(Exercise):
For this exercise, output exactly the lines from the opening line of the listing through the line with "Кубик Рубика 3х3", skipping pictures.
=== Begin Enclosure ===
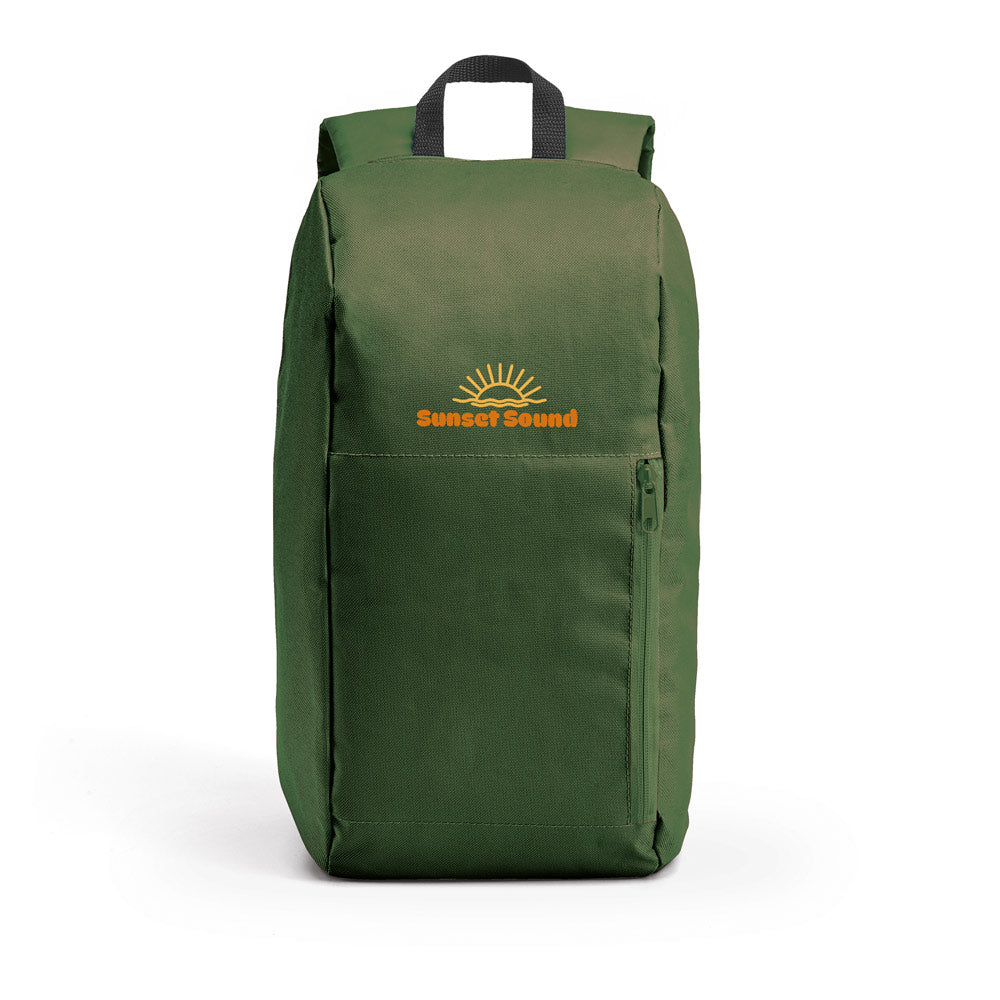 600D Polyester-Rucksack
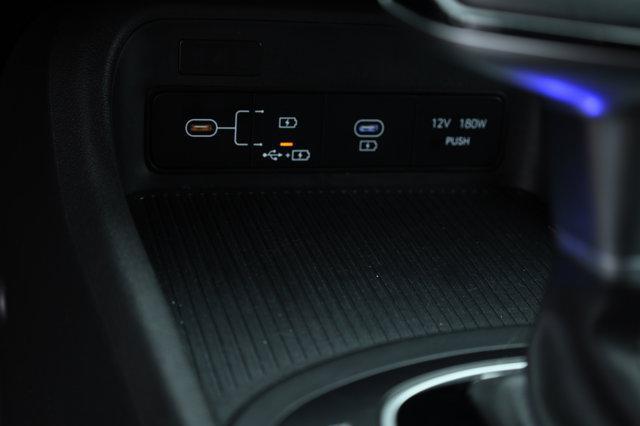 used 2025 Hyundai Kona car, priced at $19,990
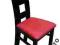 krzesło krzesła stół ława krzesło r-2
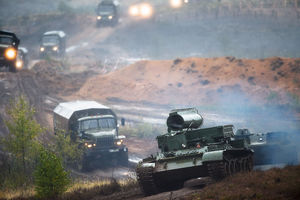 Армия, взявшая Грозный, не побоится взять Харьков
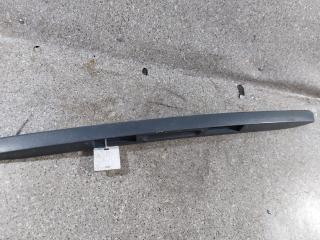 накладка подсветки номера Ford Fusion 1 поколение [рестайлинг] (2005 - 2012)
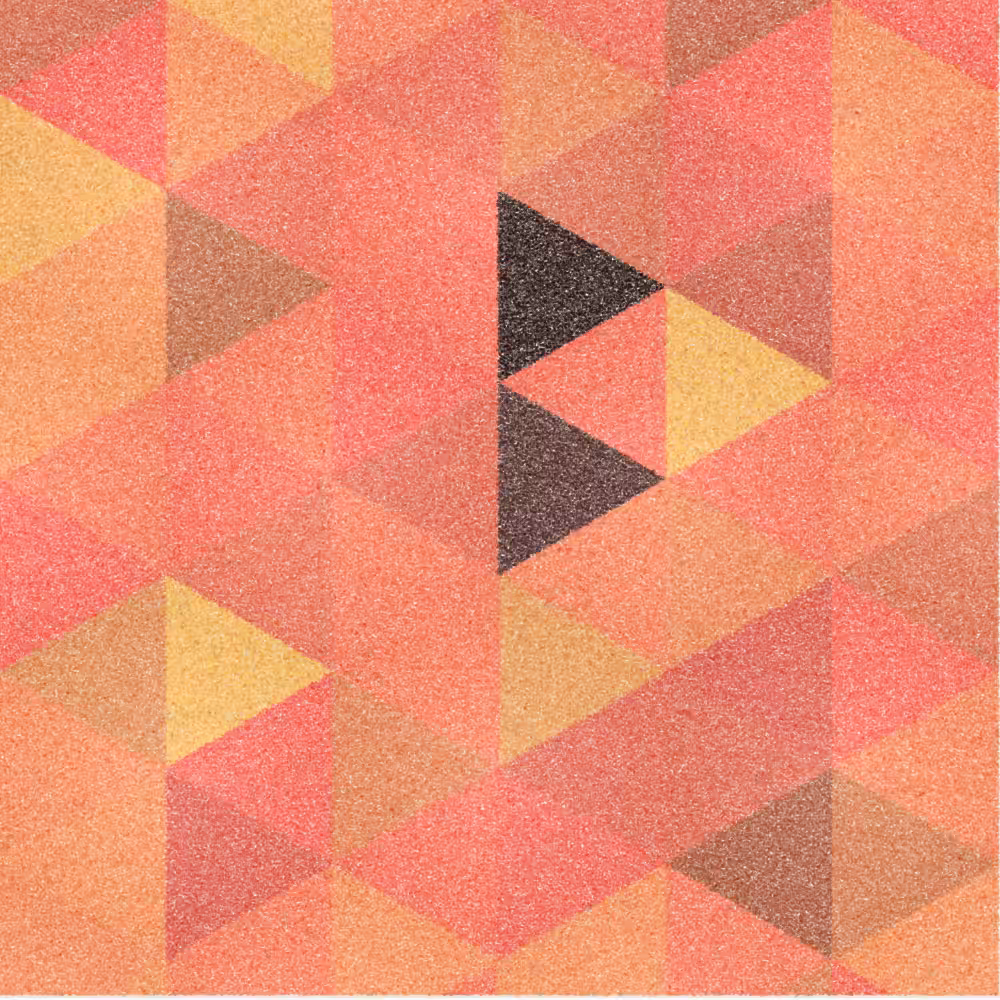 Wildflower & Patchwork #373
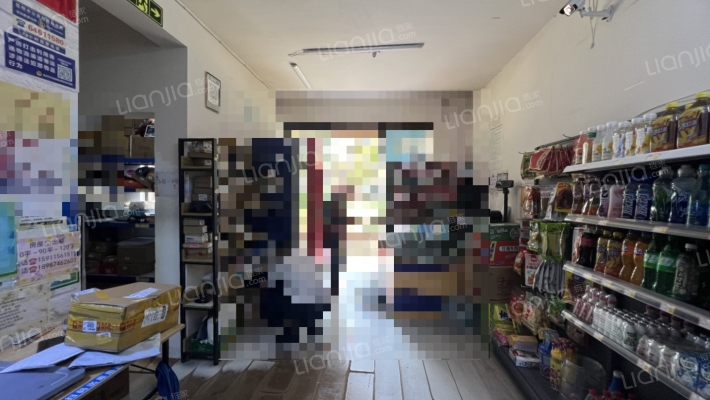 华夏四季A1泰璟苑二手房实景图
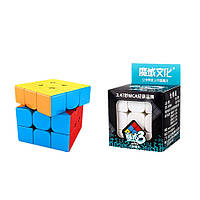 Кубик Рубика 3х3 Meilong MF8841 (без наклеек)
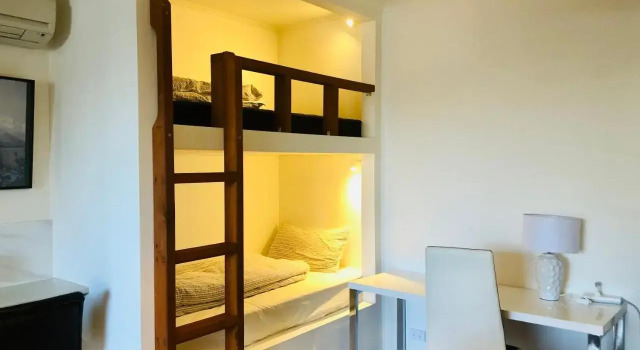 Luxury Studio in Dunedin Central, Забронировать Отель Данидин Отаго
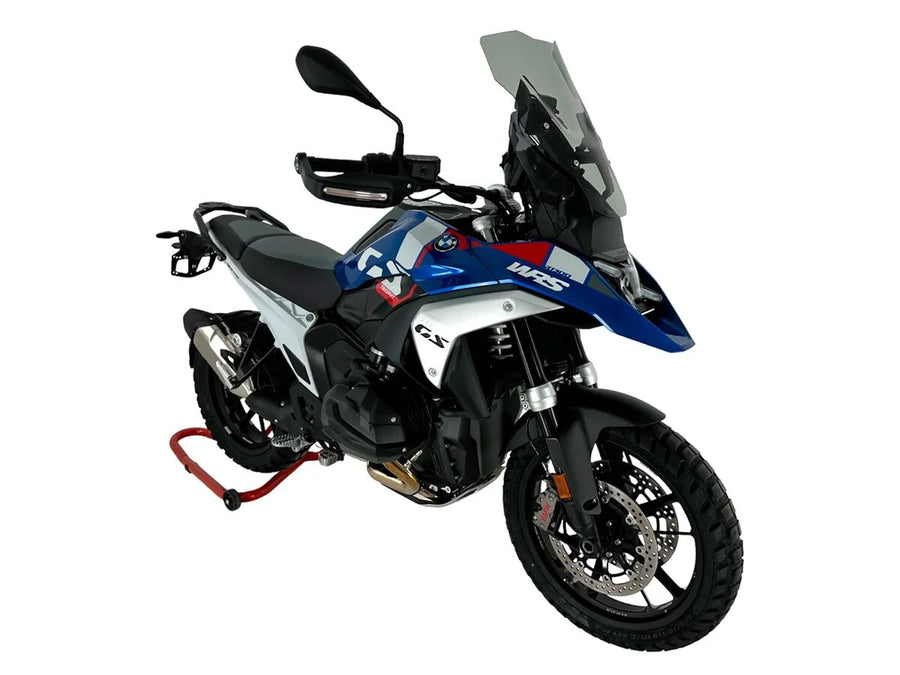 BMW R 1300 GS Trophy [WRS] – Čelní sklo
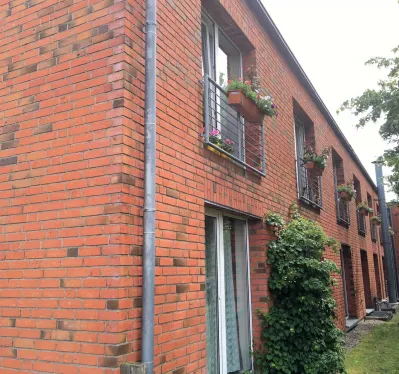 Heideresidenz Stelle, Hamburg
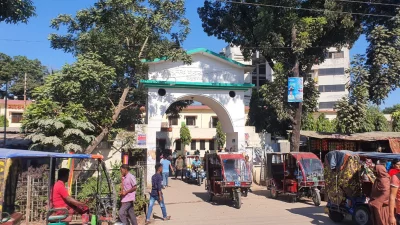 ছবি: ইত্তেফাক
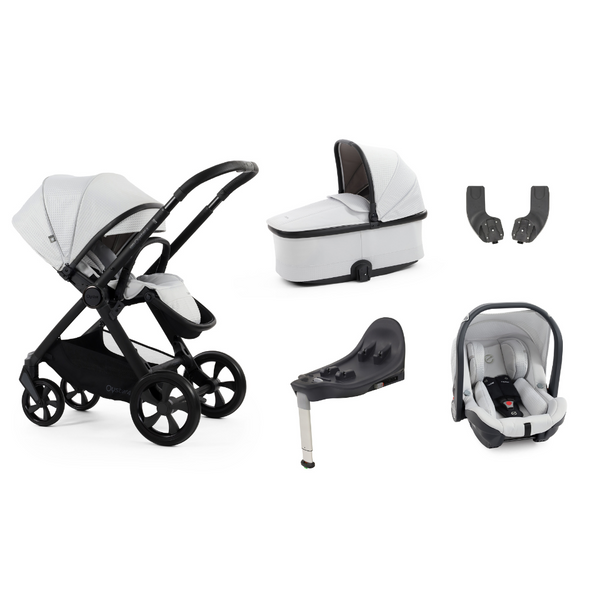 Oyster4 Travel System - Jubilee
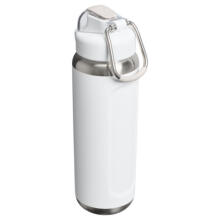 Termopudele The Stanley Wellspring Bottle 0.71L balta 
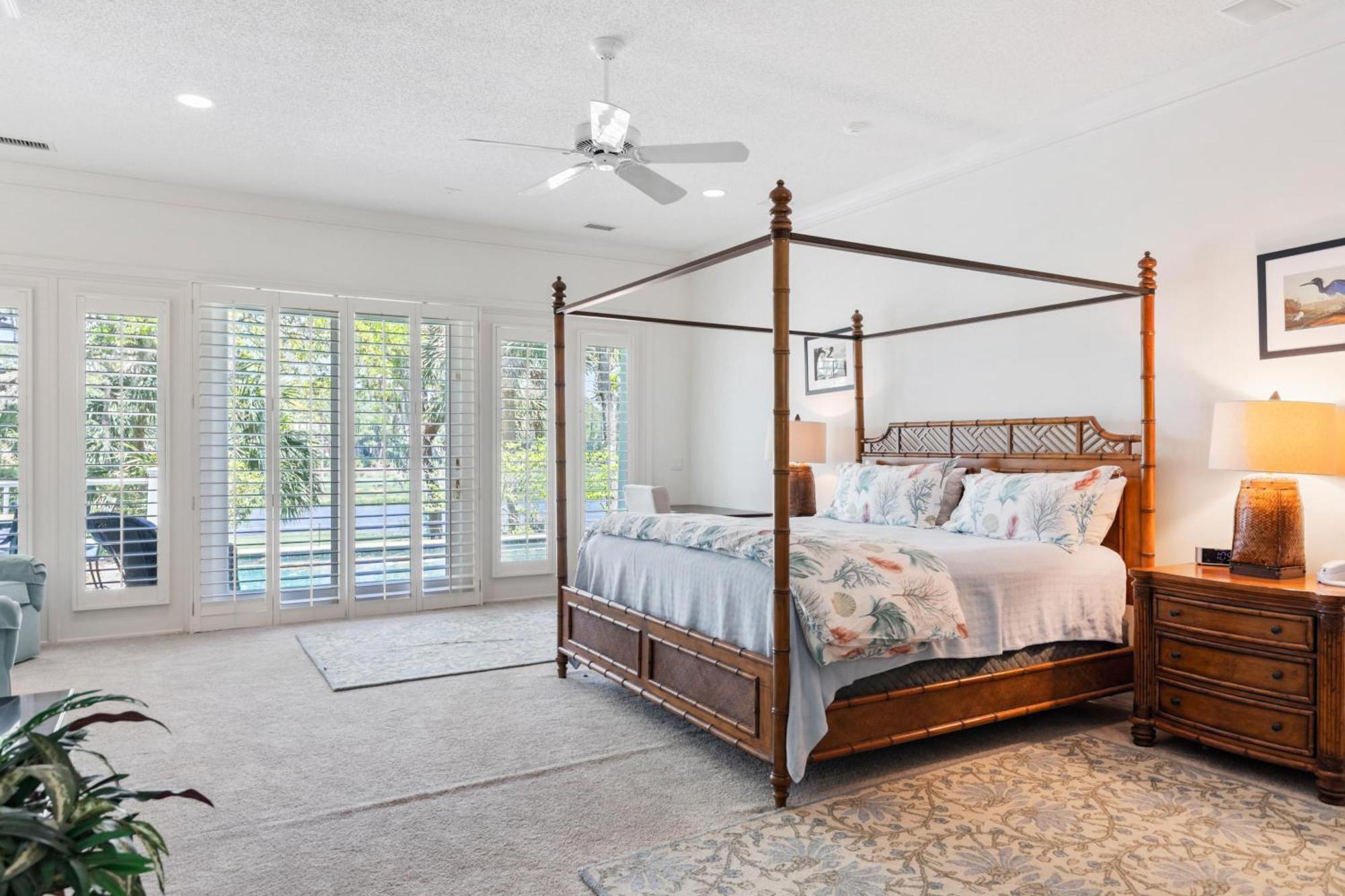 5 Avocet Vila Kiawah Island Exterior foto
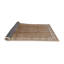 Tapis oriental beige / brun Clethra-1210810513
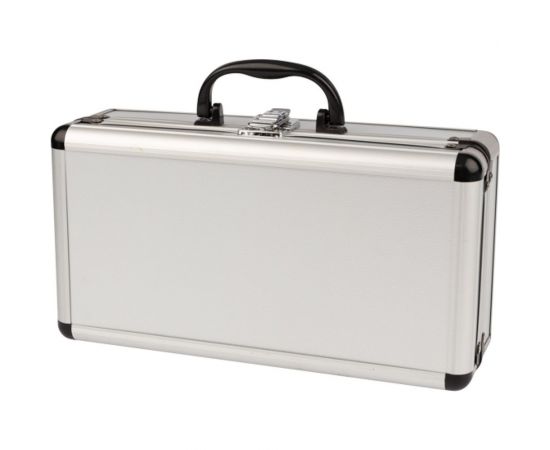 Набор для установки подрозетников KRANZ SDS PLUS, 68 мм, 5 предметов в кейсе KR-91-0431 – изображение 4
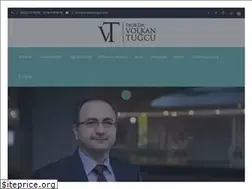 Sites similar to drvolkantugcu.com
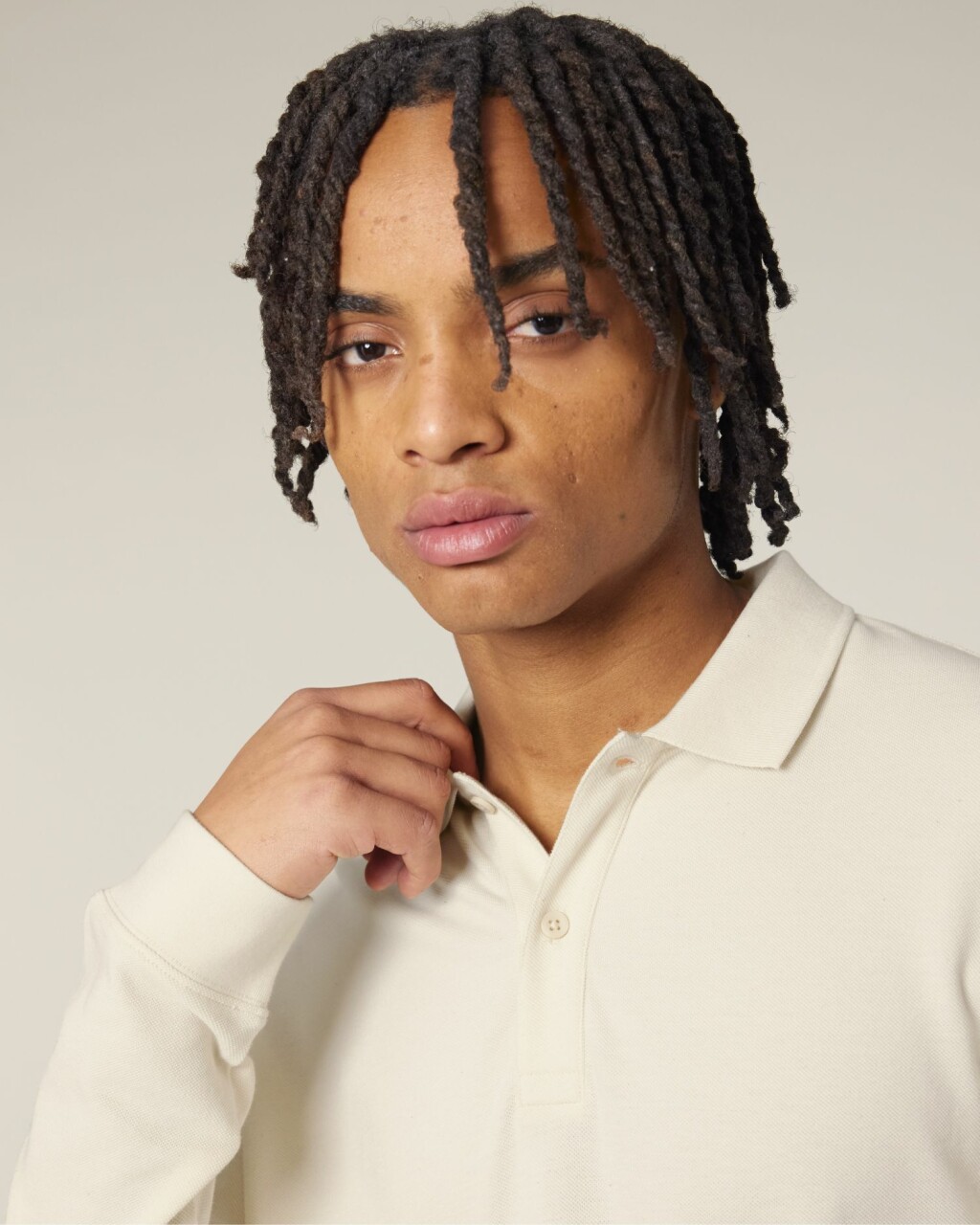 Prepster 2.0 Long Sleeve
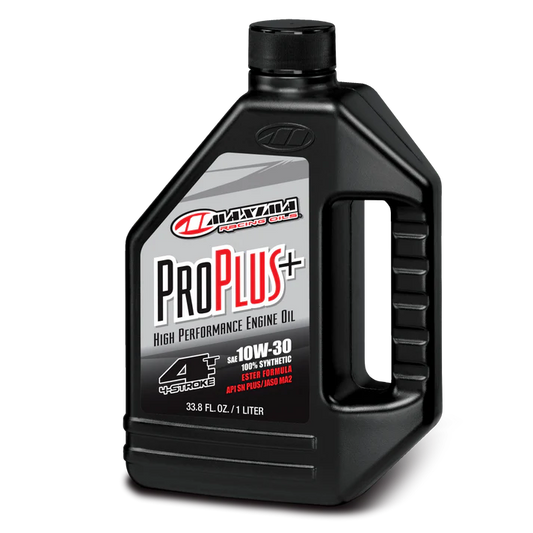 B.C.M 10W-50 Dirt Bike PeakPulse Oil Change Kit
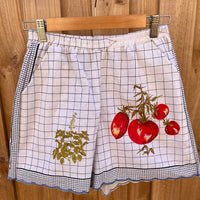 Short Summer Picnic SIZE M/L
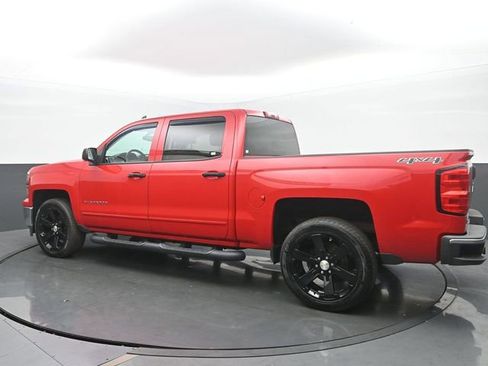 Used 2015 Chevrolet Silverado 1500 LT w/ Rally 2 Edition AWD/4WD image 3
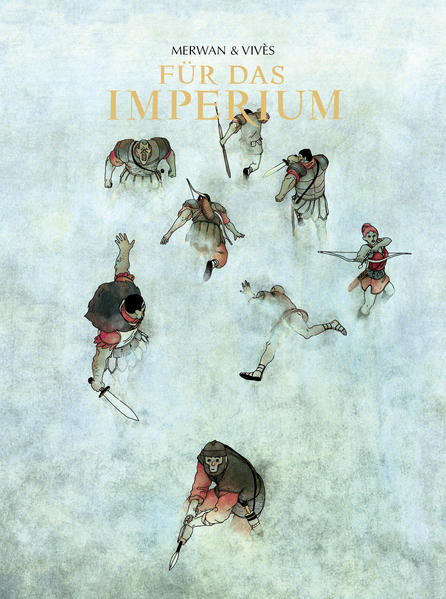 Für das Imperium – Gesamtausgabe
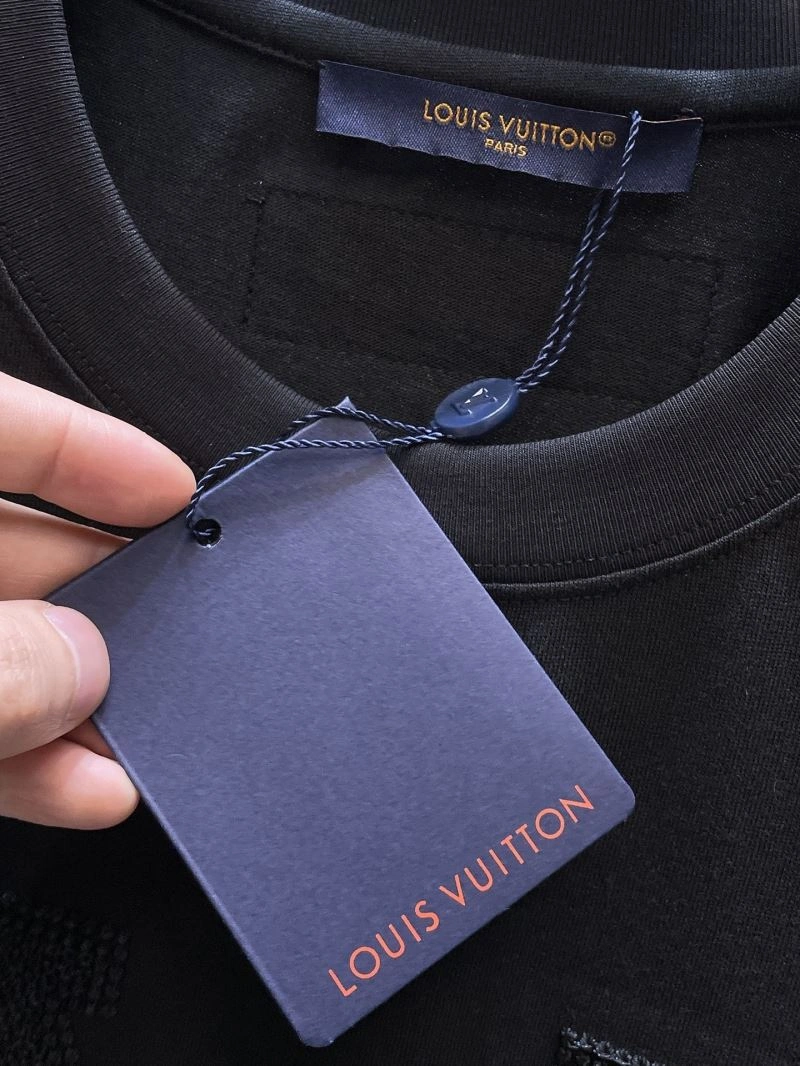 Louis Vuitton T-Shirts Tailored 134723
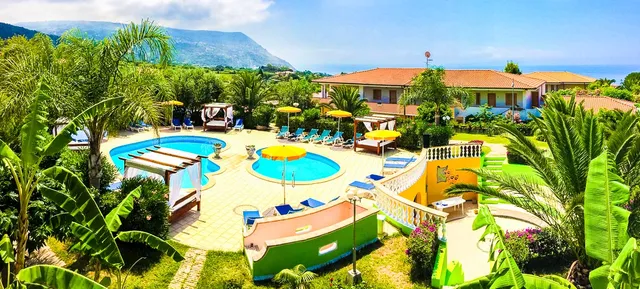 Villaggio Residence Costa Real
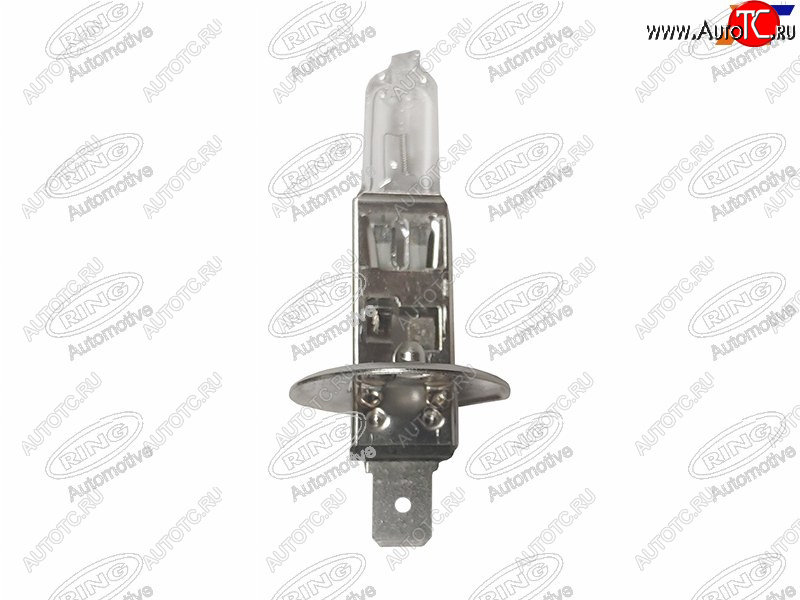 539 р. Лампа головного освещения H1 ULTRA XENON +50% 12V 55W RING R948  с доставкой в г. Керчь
=== End Enclosure ===
(Result for this task):
 600D Polyester-Rucksack
 used 2025 Hyundai Kona car, priced at $19,990
 krzesło krzesła stół ława krzesło r-2
 Армия, взявшая Грозный, не побоится взять Харьков
 накладка подсветки номера Ford Fusion 1 поколение [рестайлинг] (2005 - 2012)
 Wildflower & Patchwork #373
 华夏四季A1泰璟苑二手房实景图
 Кубик Рубика 3х3 Meilong MF8841 (без наклеек)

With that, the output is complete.